For two years, he's tolerated commute delays as crews dug nearly mile-long trenches along the Hazel corridor, shifting traffic back and forth, often winnowing to one lane in each direction.
Now, though, he's just mad, and here's why. He saw crews last week ripping out some of the asphalt they had just poured for the new street.
How does this make sense, he wondered. Did they screw up?
He wasn't the only one who noticed. Marvin Blair, a collection attendant at the Goodwill outlet on Hazel, has been watching the project out his window and noticed it too.
"I couldn’t figure that out," he said. "They paved and took it out and now they are digging trenches.
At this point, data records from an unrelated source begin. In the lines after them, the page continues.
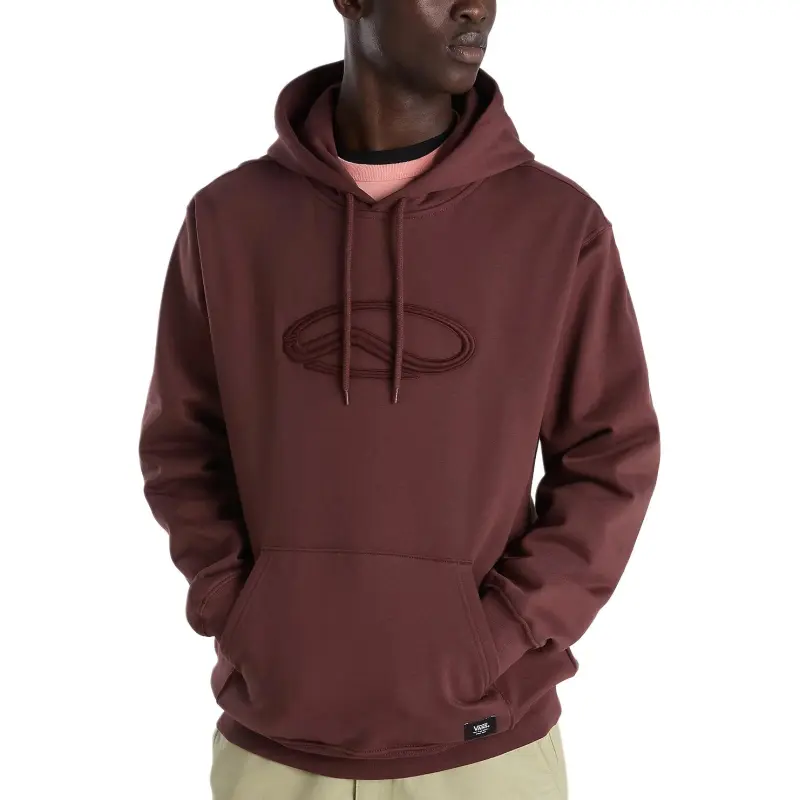 Vans Oval Sweatshirt Men's Brown-2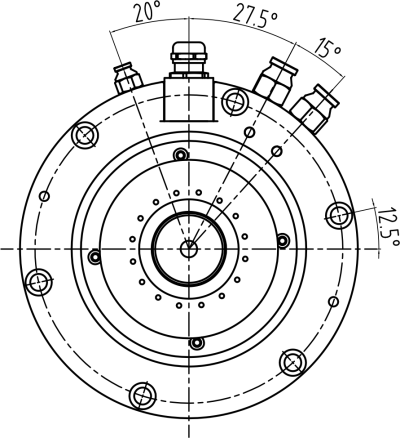 工具磨床永磁同步雙頭主軸 (2)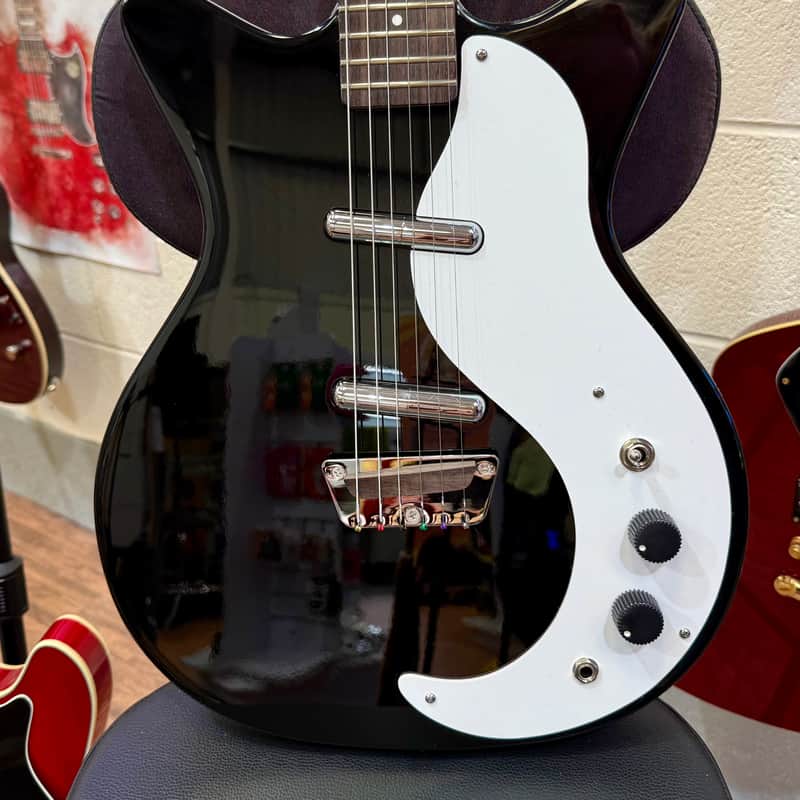 2018 Danelectro Stock ’59 DC Black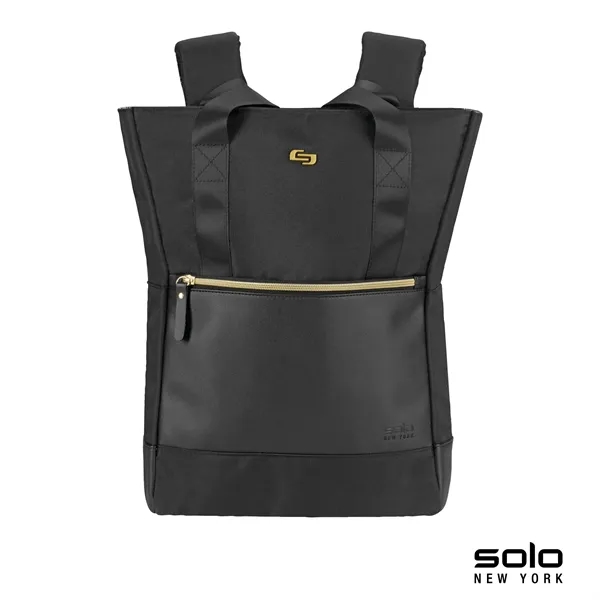 Solo® Parker Hybrid Backpack Tote... from ASI 67866 Logomark/Valumark
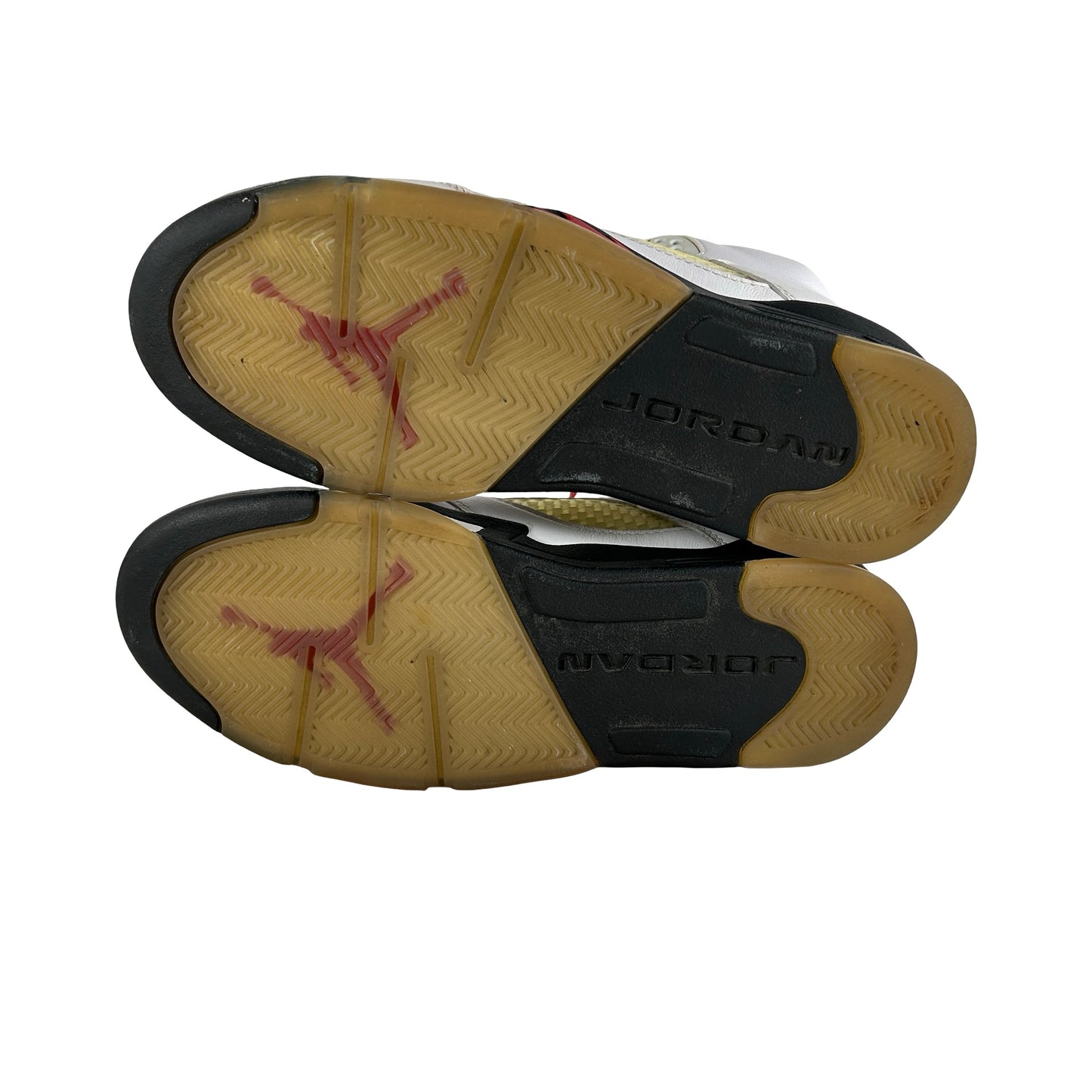 440888 102 Jordan 5 Retro Fire Rojo Plata Lengua (2020) (GS)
I cant figure that out."
Sacramento County's Hazel project manager Steve White said that wasn't the result of a mistake. The contractor on the project is preparing to put in the center median, he said. But before doing that, crews put down a first layer of asphalt a few weeks ago.
When doing that, they decided it would be easier to lay the asphalt down across the entire width, rather than leave an opening in the middle. That meant digging out the center strip of the new asphalt last week. The contractor also ripped up a section to put down about two blocks of new storm drain.
"It is the contractor's choice," White said. "It allowed them to stage the work more efficiently."
The contractor essentially just has to have the project done on budget. The move may not look logical, he said, but temporarily "paving the medians gave them the flexibility to flop traffic back and forth as they work."
The actual top road surface or top layer - to be made of rubberized asphalt for longer life - will be put down in May when weather allows, White said.
When will the project finally be done? It's a complicated question.
The Hazel project is massive - a 20-year, $20 million complete redo of one of the region's oldest and busiest commute corridors. Hazel is one of the few that crosses the American River, allowing people to get from Citrus Heights, Orangevale, Fair Oaks and other suburban communities to Highway 50.
When finished, Hazel will be a modern thoroughfare from the Sacramento-Placer county line to Highway 50 , often six lanes wide, with unsightly power poles gone. It will have pedestrian and bike paths, landscaped medians and pull-out areas to remove buses from traffic.
The first of three phases, from Highway 50 over the American River bridge, was done a decade ago.
This portion of the widening, called Phase Two, runs from the top of the hill above the American River bridge up to Sunset Avenue. Work began in January 2016 and is now expected to be finished by June, later than initially thought.
There is no construction date set yet for the third phase, north of Sunset to Madison Avenue, because the county hasn't come up with the money. County officials say they hope to break ground in 2020. County officials have put in an application for state Senate Bill 1 funds from last year's controversial gas tax hike.
That makes this one of the longest-running road widening projects in county history. White, the project manager, said he gets complaints from people about how long the project is taking, but he's noticed that people are seeing a light at the end of the tunnel.
"People are going to like what they see and enjoy the finished product," White said.
We called Lane Montgomery to tell him June is the new finish date for this phase. He said he'll believe it when he sees it.